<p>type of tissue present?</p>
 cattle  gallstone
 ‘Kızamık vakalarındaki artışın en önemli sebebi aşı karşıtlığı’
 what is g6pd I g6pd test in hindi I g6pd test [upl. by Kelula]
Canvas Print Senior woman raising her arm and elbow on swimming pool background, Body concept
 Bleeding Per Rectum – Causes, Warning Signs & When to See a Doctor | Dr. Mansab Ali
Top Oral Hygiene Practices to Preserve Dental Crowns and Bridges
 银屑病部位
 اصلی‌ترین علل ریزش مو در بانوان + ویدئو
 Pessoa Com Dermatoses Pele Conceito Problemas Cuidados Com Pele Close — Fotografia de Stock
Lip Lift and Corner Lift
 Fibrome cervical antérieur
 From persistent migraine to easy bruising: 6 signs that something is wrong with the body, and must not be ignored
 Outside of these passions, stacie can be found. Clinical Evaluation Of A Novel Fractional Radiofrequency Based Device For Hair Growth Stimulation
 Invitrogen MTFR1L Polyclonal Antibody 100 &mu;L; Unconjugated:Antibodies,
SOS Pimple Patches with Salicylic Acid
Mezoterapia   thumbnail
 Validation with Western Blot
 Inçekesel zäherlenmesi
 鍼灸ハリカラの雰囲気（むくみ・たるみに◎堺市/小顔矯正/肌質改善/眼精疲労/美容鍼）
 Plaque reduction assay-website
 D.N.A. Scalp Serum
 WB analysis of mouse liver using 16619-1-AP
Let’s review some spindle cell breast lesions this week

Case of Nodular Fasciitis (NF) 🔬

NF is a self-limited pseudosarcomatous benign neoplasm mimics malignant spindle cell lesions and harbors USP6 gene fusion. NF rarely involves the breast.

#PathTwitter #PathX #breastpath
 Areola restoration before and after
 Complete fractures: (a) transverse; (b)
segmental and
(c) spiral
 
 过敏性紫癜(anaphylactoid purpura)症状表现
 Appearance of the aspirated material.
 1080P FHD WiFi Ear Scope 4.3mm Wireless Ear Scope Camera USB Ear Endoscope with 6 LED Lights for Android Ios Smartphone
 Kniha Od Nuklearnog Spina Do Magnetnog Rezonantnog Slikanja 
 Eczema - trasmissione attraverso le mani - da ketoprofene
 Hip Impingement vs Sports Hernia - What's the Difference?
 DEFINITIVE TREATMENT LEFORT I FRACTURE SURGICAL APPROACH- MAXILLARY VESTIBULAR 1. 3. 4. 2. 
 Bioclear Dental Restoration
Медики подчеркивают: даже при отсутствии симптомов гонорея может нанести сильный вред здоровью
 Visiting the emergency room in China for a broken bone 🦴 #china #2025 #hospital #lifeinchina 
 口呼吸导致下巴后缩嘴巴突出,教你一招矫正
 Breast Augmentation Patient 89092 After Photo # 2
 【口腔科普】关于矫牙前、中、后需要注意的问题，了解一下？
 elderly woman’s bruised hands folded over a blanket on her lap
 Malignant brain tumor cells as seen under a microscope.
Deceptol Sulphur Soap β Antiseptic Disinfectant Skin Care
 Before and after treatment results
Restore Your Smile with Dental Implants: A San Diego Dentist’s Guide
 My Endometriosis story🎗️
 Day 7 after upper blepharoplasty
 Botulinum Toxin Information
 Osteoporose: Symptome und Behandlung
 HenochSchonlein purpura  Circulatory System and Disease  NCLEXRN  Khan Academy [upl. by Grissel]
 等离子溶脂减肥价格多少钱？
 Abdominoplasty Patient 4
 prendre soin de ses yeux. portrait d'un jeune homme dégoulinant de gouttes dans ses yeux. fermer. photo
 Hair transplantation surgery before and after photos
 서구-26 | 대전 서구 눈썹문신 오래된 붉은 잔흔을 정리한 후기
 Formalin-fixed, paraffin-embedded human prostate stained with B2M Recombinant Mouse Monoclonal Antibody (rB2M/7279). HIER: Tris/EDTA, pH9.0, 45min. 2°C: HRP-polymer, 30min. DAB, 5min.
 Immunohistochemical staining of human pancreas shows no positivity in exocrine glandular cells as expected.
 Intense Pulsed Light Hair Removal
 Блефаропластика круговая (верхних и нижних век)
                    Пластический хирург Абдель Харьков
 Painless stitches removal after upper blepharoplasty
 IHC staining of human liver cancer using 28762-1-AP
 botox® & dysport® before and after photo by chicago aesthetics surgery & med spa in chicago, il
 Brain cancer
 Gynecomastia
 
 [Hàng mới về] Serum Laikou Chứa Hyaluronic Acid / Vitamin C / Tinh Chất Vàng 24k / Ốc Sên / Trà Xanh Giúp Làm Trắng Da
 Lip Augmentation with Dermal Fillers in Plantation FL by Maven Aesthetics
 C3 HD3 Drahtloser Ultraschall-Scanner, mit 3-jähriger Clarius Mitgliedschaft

▸ **Task**
Reproduce only the lines above spanning from the line containing "Appearance of the aspirated material." through the line containing "口呼吸导致下巴后缩嘴巴突出,教你一招矫正", word for word.

▸ **Expected output**
 Appearance of the aspirated material.
 1080P FHD WiFi Ear Scope 4.3mm Wireless Ear Scope Camera USB Ear Endoscope with 6 LED Lights for Android Ios Smartphone
 Kniha Od Nuklearnog Spina Do Magnetnog Rezonantnog Slikanja 
 Eczema - trasmissione attraverso le mani - da ketoprofene
 Hip Impingement vs Sports Hernia - What's the Difference?
 DEFINITIVE TREATMENT LEFORT I FRACTURE SURGICAL APPROACH- MAXILLARY VESTIBULAR 1. 3. 4. 2. 
 Bioclear Dental Restoration
Медики подчеркивают: даже при отсутствии симптомов гонорея может нанести сильный вред здоровью
 Visiting the emergency room in China for a broken bone 🦴 #china #2025 #hospital #lifeinchina 
 口呼吸导致下巴后缩嘴巴突出,教你一招矫正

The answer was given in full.